Acid Bath ile 14 yaşımda tanıştım – ilkgençliğimin ilk yazında, Eros’a ve çılgınlığa aynı anda yataklık eden Attaleia güneşin altında… Haftanın hangi kutlu günüyse, yolum musikinin farklı çehrelerini keşfetmekten yorulmayan yeniyetme connoisseur’lerin Attaleia kabesine, Timur’s Music Center’a, bir doz punk için ‘şef’in tavsiyesini almak üzere düşmüştü – The Offspring, Green Day ve Rancid’in Punk’ı “dirilttiği” kültür doruğunu soluyorduk, başını pop dergilerinden dışarı çıkarttığında küfür sağanağı altında kalan diriliş bandosunun tantanası hiçbirşeye yaramamış olsa da en azından haysiyetli yüreklere eski albümleri karıştırma esinini salmıştı. Benim keşif açlığım ise daha büyüktü: metal Ortodoksisinin nimetlerini Goth Rock’la, Velvet’larla, Iggy’yle dengelemeye çalışıyordum -- Punk’ın sınırlı kendiliğinden ziyade heterodoksisine zengin sefih çiftleşme kabiliyeti ve doğurganlığıydı çekici olan, efsaneleri kadar aile albümüyle de Metal’in eğilip bükülmez ahlakçılığı karşısında isyanın başka yordamlardan, daha usulsüz, daha gayriciddi bir izlenim veren nitekim çok daha dünyaya değgin yollardan icra edilebileceğine dair bir dipnottu “şu Punk hadisesi”; The Exploited’dan öğrendiğimiz gibi Sid’in masum olduğunu papağanlamak da Dave Lombardo ve bagetleri konulu şehir efsanelerini sakız etmekten daha eğlenceli ve daha az maçoydu.

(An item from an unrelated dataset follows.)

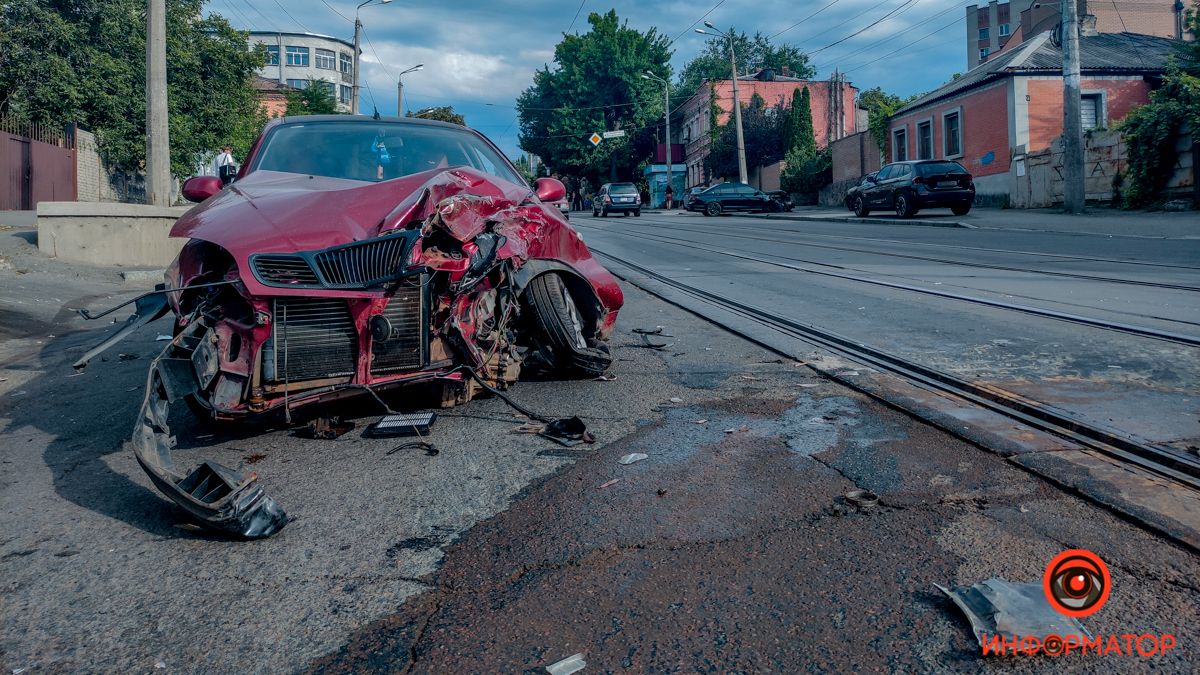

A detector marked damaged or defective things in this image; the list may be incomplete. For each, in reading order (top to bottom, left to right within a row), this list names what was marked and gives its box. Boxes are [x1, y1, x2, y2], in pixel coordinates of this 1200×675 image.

Timur’s asistanı Gökhan’a derdimi aktardım. Şefin eli, CD sırasının en önünde duran, masumiyet çağının alnında, güneydeki mütevazi müzik inine nasıl düştüğü bugün de muamma olan bir diske uzandı. Tavsiyenin kapağından anaokulu renkleri akıyordu -- vitrindeki, yaktığı kurabiyelerden özür dilercesine öne eğilmiş, tek eli söz istermişcesine havada, sodomi banyosundan henüz çıkmış şişman, ıslak, kambur bir palyaçoydu. Söz konusu vakitlerde, tüm karşı-kültürel gayretimize rağmen, yaratıcı otoportresine “Pogo the Clown” kartvizitini iliştiren kahramanı tanımıyorduk fakat Stephen King’in “It”inden, palyaçoların gardrop yaşantılarını kestirebilecek kadar payımızı almıştık.
Gökhan diski yuvaya yerleştirip tadımlık uçuş için koltuğu fırlattığında speaker’lardan yayılan uğultuyla 14 yaşımın şeker kaplı teni, ilk defa feedback duşunun serinliği ve düşe gebeliğine çarpıldı. Sporadik kasılmaları ivmelendiren eylemsizlik beyazı, derin sualtı konsantrasyonu..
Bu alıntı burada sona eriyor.